Spouses Carson Lentz and Sam Haeuser of Cochrane, Wisconsin, are crop farmers who started paddling with the club about 10 years ago after they got rid of their dairy cows and had more time for fun. Father Prince Raja, a newcomer, is a young priest serving three Catholic parishes on the Wisconsin side. Betty Kriesel, a longtime club paddler, says to him, "We're going to be seeing pelicans."
Homer Landing is not on one of the signed canoe trails, but it is just across the river channel from the Aghaming Trail, which we will skirt. The club's plan is to cross the channel and enter a backwater area between two islands where a huge flock of American white pelicans has been hanging out.
Crossing the channel reminds me why the backwaters are best when it comes to paddling. We must thread between speeding motorboats that aren't eager to shift course or ease up on their throttles. Eventually, several pods of paddlers cross safely, bobbing in the crisscrossing wakes. Once we're across, the mood mellows as the current slackens. Paddlers meander and socialize while cruising abreast. A monarch drifts past on the air. Limestone bluffs rise around us. In the far distance a huge faux paddlewheeler, the American Duchess, churns down the main channel.
"This is so relaxing," says Kriesel. "It's relaxing just being out on the water."
Ahead we see the flock of pelicans massed on a sandbar. As the boats approach, the birds suddenly lift off en masse, flapping thunderously as they fill the sky above us. After more casual exploring and more hull-to-hull chats, the paddlers make their way back to the landing and head for the potluck at member Debi Niebuhr's Winona home.
Niebuhr started paddling with the club about a decade ago. She already owned a kayak and paddled on her own, but she still didn't know her way around all the area backwaters. "The thing that keeps me going [on club outings] is there are a lot of areas I probably wouldn't have explored on my own," she says, noting that Lentz is a trusty guide. "Carson knows those backwaters like I know roads."

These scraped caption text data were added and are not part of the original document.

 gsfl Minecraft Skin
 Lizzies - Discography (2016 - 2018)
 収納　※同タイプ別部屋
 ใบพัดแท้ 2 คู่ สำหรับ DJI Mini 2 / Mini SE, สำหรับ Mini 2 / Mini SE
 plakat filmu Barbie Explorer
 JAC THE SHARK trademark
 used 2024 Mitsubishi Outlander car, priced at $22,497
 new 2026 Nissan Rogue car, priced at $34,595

The connections forged in the backwaters are enduring. Club members look after one another when they need support by making meals, putting up firewood, or even going to their home and singing. Some of the dinner chatter on Niebuhr's back deck centers around next week's paddle, which promises to be special. Club members will celebrate the life of a member, Dee Cipov, who recently died. Even two weeks before her death, she was kayaking the backwaters.
"She loved to paddle," says Lentz. "She loved to go out among the lotuses. So we're going to paddle out there and scatter her ashes and drink a glass of wine."

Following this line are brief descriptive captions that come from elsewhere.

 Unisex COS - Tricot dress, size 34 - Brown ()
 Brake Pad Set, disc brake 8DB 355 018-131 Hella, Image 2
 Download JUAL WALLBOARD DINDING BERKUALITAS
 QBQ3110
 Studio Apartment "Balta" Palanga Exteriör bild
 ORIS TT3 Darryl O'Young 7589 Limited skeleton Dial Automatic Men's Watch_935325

On my backwaters sojourn I end up finding the lotuses myself, paddling right up to them in my solo canoe and marveling at their intense, ephemeral beauty.

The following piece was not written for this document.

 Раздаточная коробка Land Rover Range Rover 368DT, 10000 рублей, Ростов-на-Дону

As I think of all the new places I've explored and all the new people I've met on this trip, I feel a bit guilty about my long absence from the backwaters. I've learned that they are much deeper, figuratively, than I had ever appreciated, and I resolve to return more often.
In the meantime I find a favorite new launching spot, Verchota Landing near Winona. Heading out on the Verchota Trail one perfect summer morning, I am soon tempted to depart from the mapped route by a waterway that seems to beckon me into its shaded recesses. After a moment of hesitation, I rudder left and feel a twinge of excitement as I head into the unknown.